Robust virtual technology has been a major factor in Ambit’s success, too—especially in its international wins. Its recent expansion into Japan took time at first because of how careful the Japanese are about forming partnerships with non-native companies. But once the deal was in place, “we were able to spin up our environment in Japan very quickly because of the cloud,” Burke says. Switching Ambit’s data load to local Japanese data centers—to comply with the country’s data management requirements—would have been much more cumbersome if the engineers hadn’t basically been able to flip a virtual switch.
“Stupid Simple”
Data feeds. Chatbots. Servers and software in the sky. It all can seem, as Burke says, “kind of out there, kind of ‘Star Trek.’ ” But these direct selling executives say it all helps their companies create the most important thing they can offer their customers: personalized experiences that feel low-maintenance because they’re so high-tech. Experts call it the Amazon effect. “Amazon just really made it stupid simple,” Noot says. “You push one button or two buttons and you’re done.”

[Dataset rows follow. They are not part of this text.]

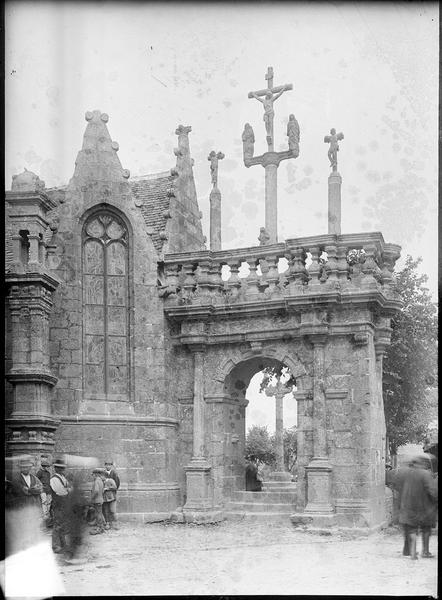 Arc de Triomphe et calvaire à l'entrée du cimetière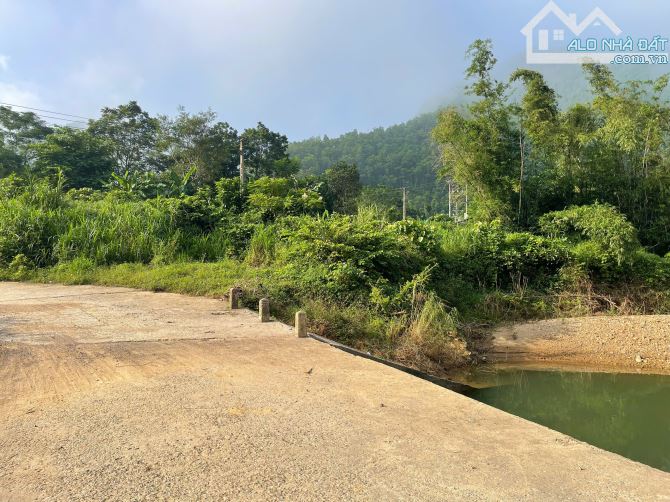 Diện tích:7.627m²- Đất ở trong bìa:400m²-Đất ngoài bìa: 1.000m²Đú Sáng, Kim Bôi, Hoà Bình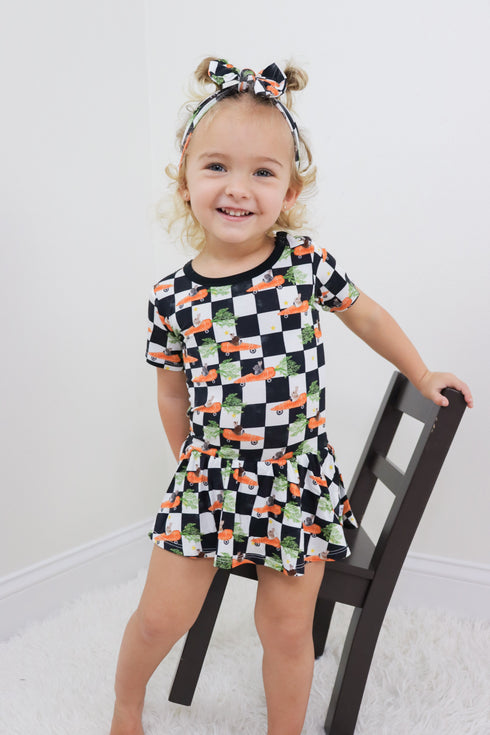 racing-carrot-checkers-dream-bodysuit-dress Dream-Big-Little-Co-pajama-baby-blanket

We want to be able to buy clothing, housewares and services from our mobile phones while we wait at the curb to pick up the groceries we ordered online. And we want our web-based merchants to remember who we are, know what we like, tell us what we might also like, and remember how we pay. “Direct selling companies that do not to have a website that personalizes experiences will be at a disadvantage,” Ajjan says.

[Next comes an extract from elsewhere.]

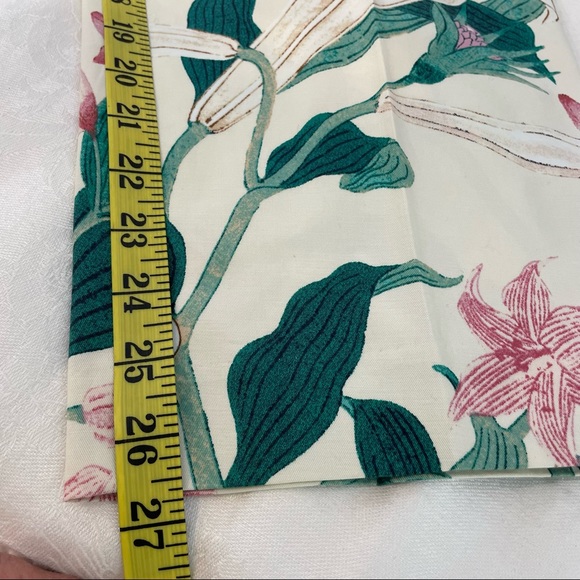 Ann Taylor factory botanical print ankle pants. - Picture 6 of 16
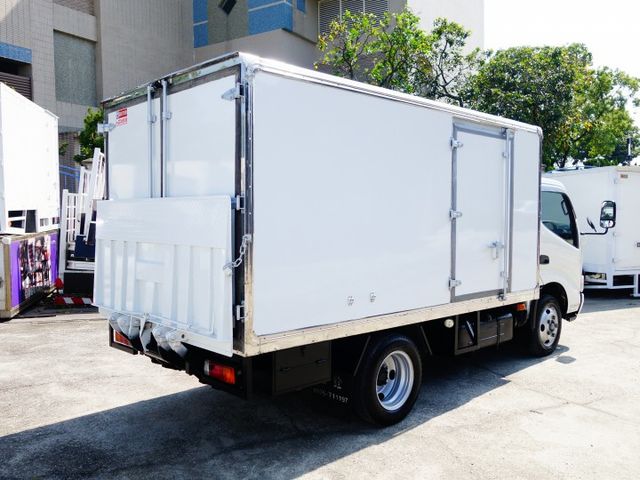 《11.5呎》HINO免加尿素+載重變更5噸冷凍車《3呎油壓尾門》  第4張相片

Direct selling companies are investing heavily in technology and expertise to make sure to meet customer expectations and stay competitive within the channel and within the general marketplace. Ambit spends 95 percent of its capital expenditure budget on technology, Thompson says. USANA employs hundreds of IT people, Noot says, and its technology expenditures fall in the “sales general and administrative expenses“ category, which saw an increase of nearly $7 million in the third quarter of 2017, compared with the same quarter in 2016. Overall from 2015 to 2016, USANA’s expenses in that category rose by $25 million.
One thing seems certain—operating successfully within this new landscape of digital transformation requires a high level of awareness and commitment on the part of company executives. Is your company prepared to compete in the DX Economy?